Na ITCP-USP, os estudantes, reunidos em Grupos de Pesquisa, Ensino e Extensão Multidisciplinar (GPEMs), preparam cursos sobre história do cooperativismo e administração de empreendimentos solidários, entre outros assuntos. Um fato curioso é que muitos formadores também desenvolvem habilidades que extrapolam seus campos de conhecimento. Não é raro ver estudantes de economia realizar dinâmicas de grupo, especialidade de alunos de psicologia. “A economia solidária propõe uma reestruturação da universidade. Não é o conhecimento parcelado que resolve”, diz Sônia.
Cooperativismo oficial
As cooperativas não são uma novidade no Brasil, tanto que a lei 5.764, que rege seu funcionamento, data de 1971. Em tese, elas constituem uma forma de organização do trabalho em que todos os membros do empreendimento se responsabilizam pela atividade econômica a que se propuseram. O texto da lei não faz menção à estrutura das cooperativas nem exige a criação de cargos. Na verdade, apenas determina que deve existir um conselho administrativo ou diretoria. Mas há diferenças fundamentais entre a economia solidária e o chamado “cooperativismo oficial”, o qual conta até com uma entidade de representação em nível nacional, a Organização das Cooperativas Brasileiras (OCB). Para Sônia, muitas cooperativas ligadas à OCB reproduzem a hierarquia das grandes empresas, ao criar cargos de gerente ou presidente, por exemplo. Dessa forma, o princípio da autogestão, sagrado para a economia solidária, fica comprometido. “Nós nos pautamos por um processo de radicalização da democracia, cada cabeça um voto”, afirma.
Outro fenômeno bastante recorrente são as “coopergatos”. Para diminuir gastos com encargos trabalhistas, muitas empresas demitem seus empregados e terceirizam a mão-de-obra, contratando cooperativas que não estão muito preocupadas com a autonomia de seus membros.

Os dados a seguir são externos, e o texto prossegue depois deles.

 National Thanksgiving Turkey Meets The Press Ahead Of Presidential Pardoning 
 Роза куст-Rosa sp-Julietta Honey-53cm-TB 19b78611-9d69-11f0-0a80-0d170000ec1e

Mudar, então, a legislação sobre o cooperativismo é um dos primeiros problemas a ser enfrentados pela secretaria nacional. Para Ângela Schwengber, coordenadora do Oportunidade Solidária, programa da prefeitura de São Paulo, também é necessário reconhecer outras formas de organização dos trabalhadores que não a cooperativa. “Há empresas associativas que funcionam sob os princípios da economia solidária mas que não são cooperativas, porque nem sempre é viável formar uma”, diz ela. De acordo com a lei, são necessárias, no mínimo, 20 pessoas físicas para constituir uma cooperativa. Na opinião de Ângela, alguns empreendimentos, devido a uma situação de informalidade, ficam “à margem do sistema econômico”, sem espaço para comercialização e acesso a crédito, por exemplo.